Sen. John Kennedy (R-La.) blasted the $1 trillion bipartisan infrastructure bill as chock-full of “stupid stuff” Monday night, hours ahead of a final Senate vote on passage.
Kennedy told Fox News’ “The Ingraham Angle” that he was likely to vote “yes” on the package until he received a copy of the 2,700-page measure.
“I realized pretty quickly that if you look up ‘stupid stuff’ in the dictionary, there’s a picture of this bill,” said Kennedy. “They told us it was a real infrastructure bill. It’s not; only 23 percent of the bill is real infrastructure, the rest is Green New Deal and welfare. They told us the bill was paid for; it isn’t, we’re gonna have to borrow maybe up to $400 billion to pay for it. They told us there were no tax increases. There are; my state’s gonna have to pay $1.3 billion in new taxes on our petrochemical industry.
“They told us … the Democrats were really wary of this bill and that if we passed this bill, it would make it harder for them to pass their $5 trillion tax and spending binge, reconciliation bill,” Kennedy added. “Well, if that’s true, how come every Democrat voted for this infrastructure bill? And finally, they told us that it’s not going to add to inflation, but it will.”
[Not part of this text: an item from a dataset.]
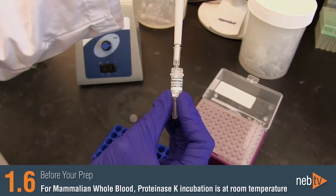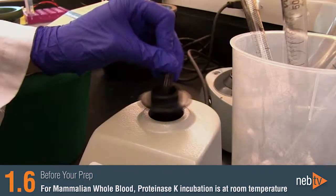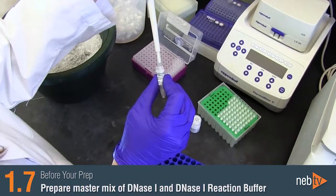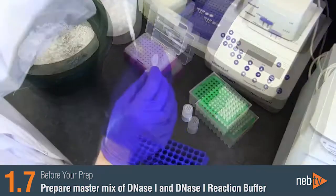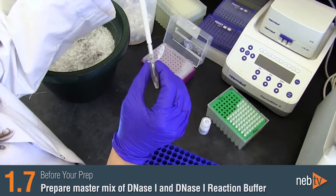Please be aware that when working with mammalian whole blood, the proteinase K incubation is carried out at room temperature. We also recommend preparing a master mix of DNase-1 and DNase-1 reaction buffer prior to beginning if you are performing multiple preps at once.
Despite the complaints of Kennedy and other Republican senators, the upper chamber is on track to pass the bill Tuesday morning and send it to the House, where Speaker Nancy Pelosi (D-Calif.) has vowed to hold it until Senate Democrats pass a larger $3.5 trillion budget resolution on their own, with no GOP support. The Senate is expected to begin debate on that measure once it dispenses with the bipartisan bill Tuesday.
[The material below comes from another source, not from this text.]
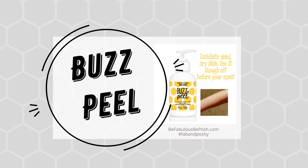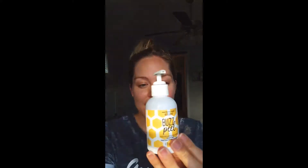Hey guys, so I wanted to make a quick video to share with you Buzz Peel. This stuff is pretty amazing because it is made with fermented honey, pomegranate enzymes, and AHAs, which are alpha hydroxy acids.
“I don’t know why it passed with 60-plus votes,” Kennedy told host Laura Ingraham, before adding: “I don’t know, day drinking, maybe?”
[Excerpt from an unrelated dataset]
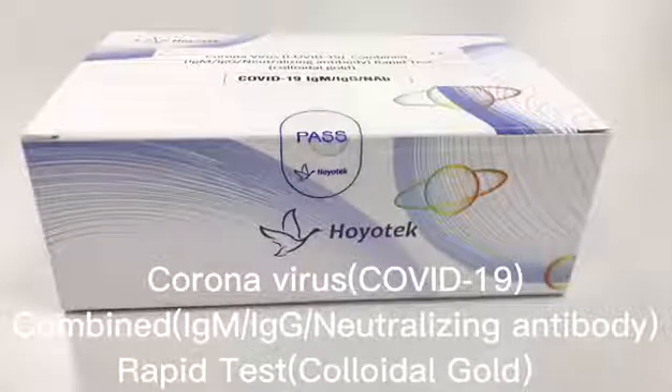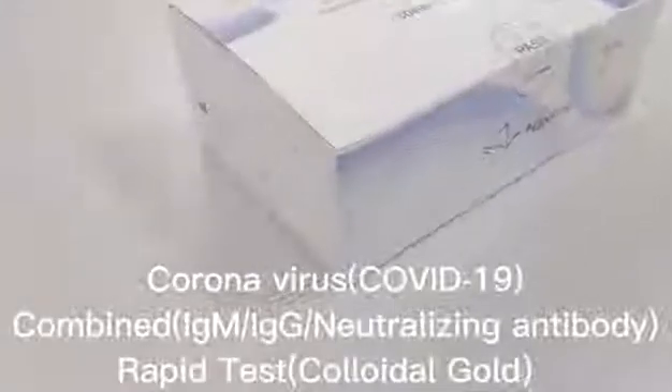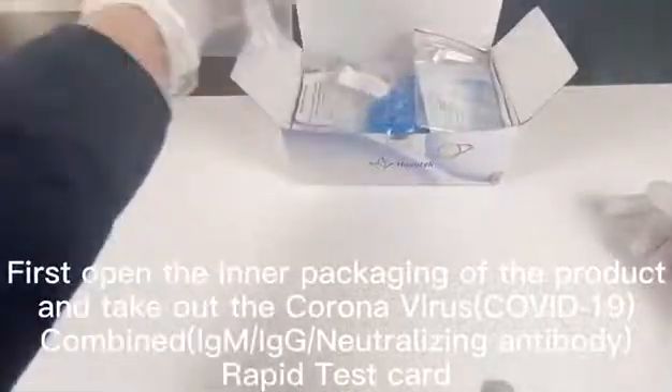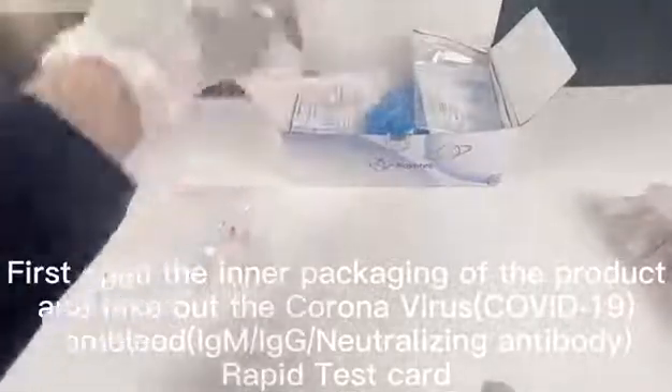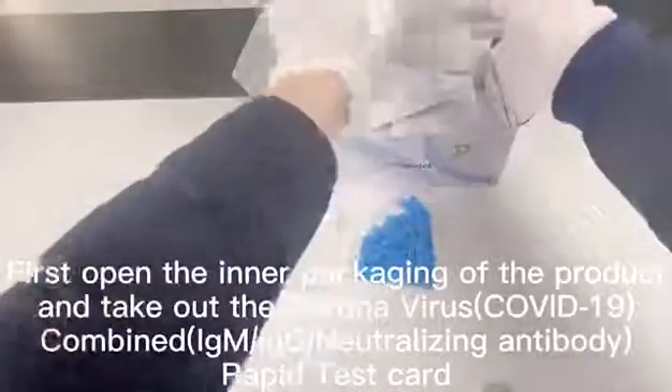Coronavirus COVID-19 Combined IgMIC Neutralizing Antibody Rapid Test, Colloidal Gold. Open the inner packaging of the product and take out the Coronavirus COVID-19 Combined IgMIC Neutralizing Antibody Rapid Test Card.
At the heart of the bill is a proposal to spend $550 billion on roads, bridges, broadband internet, water pipes and other public works system. Opposition among conservative Republicans hardened last week after the Congressional Budget Office projected it would add $256 billion to the federal deficit over the next ten years.
Republican members of the bipartisan Senate negotiating team, which included Kennedy’s fellow Louisianan Bill Cassidy, argued that the CBO projection, or “score,” failed to take into account certain revenue streams — including future economic growth.